A exposição Do Barro ao Barro, no Sesc Pompéia, propõe uma viagem pela história da matéria-prima que acompanhou o homem em seu caminho rumo à civilização

Depois do carnaval, maior festa popular do País, melhor época para celebrar a nossa cultura popular não há: junho é o mês de revisitar o Brasil. Em cada quermesse, cada quadrilha, cada festa junina de colégio, está uma grande chance de tomar contato com o artesanato, comidas, danças e brincadeiras que nascem da expressão espontânea nas diferentes regiões desse País. Em São Paulo, a festa junina do Sesc Pompéia já é programa tradicional nessa época. Mas este ano os técnicos da unidade arriscaram brincar com a tradição. O resultado é a exposição Do Barro ao Barro, que segue em cartaz até o dia 31 de agosto e substitui a tradicional festa junina. "O imaginário dessa época tem a ver com o interior do Brasil", explica Marcos Villas Boas, técnico da unidade. "Com o artesanato em cerâmica, os santos de barro e as casinhas de pau-a-pique. Se tudo isso é feito de barro então por que não falar sobre ele?" O objetivo é mostrar ao público justamente o quanto o barro está presente na cultura popular do Brasil e dos mais diferentes povos ao redor do mundo.
Falar da presença do barro na história do homem é assunto vasto. Para não se perder em tanta história, os idealizadores da mostra se fixaram em um recorte. "Nos restringimos a falar do artesanato e das moradias de barro do Estado de São Paulo", volta Villas Boas. "São Paulo tem muita ligação com o barro. A capital foi construída com ele e o interior tem um rico artesanato desse material também." A mostra trouxe peças das figureiras de Apiaí, Taubaté e Iguape, dos ceramistas de Cunha e das paneleiras de São Sebastião. Além de expor o artesanato dos índios Asurinís que vivem no Alto Xingu. "Haverá somente peças feitas por esses artesãos.
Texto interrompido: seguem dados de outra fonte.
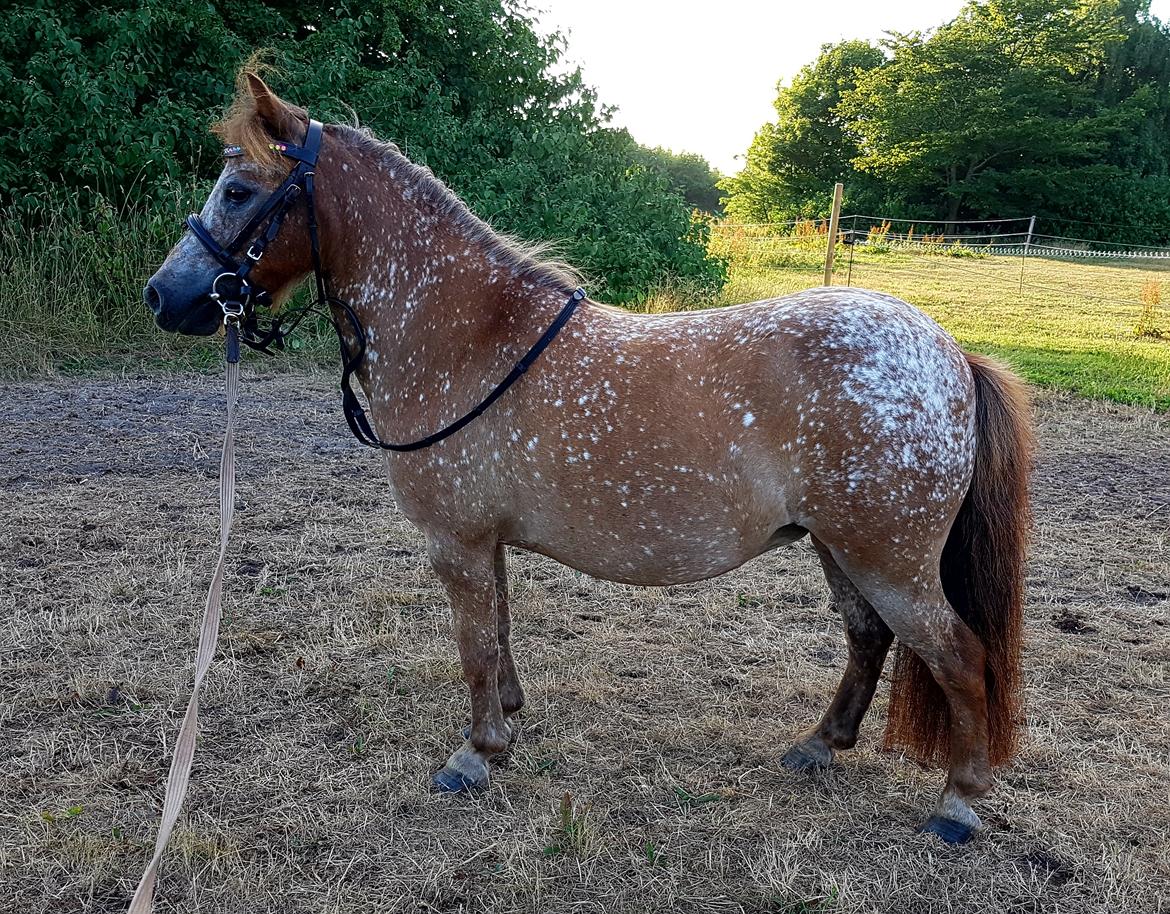 Knabstrupper Pippi SOLGT billede 3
Nenhuma peça será de museu", complementa Percival Tirapeli, professor de História da Arte e curador da exposição. Desde o dia 13 de junho, a área de convivência do Pompéia se transformou numa pequena cidade de taipa, com réplicas da fachada de uma igreja, casas de pau-a-pique, olaria, forno para a queima do barro e artesãos in loco produzindo suas peças. A partir do dia 27 de junho, outra parte da exposição será inaugurada no deck da unidade. Lá, uma típica vila com elementos da cultura do barro será erguida, mas não completamente. Até o fim da exposição, é o público quem construirá uma casa de taipa com as próprias mãos. O manuseio com o barro também poderá ser experimentado nas oficinas que acontecerão durante o evento (confira datas e horários no Caderno de Programação). E, como não dá para faltar numa homenagem a nossa cultura popular, barraquinhas com comidas típicas, brincadeiras de rua e grupos de dança complementam a programação em Do Barro ao Barro.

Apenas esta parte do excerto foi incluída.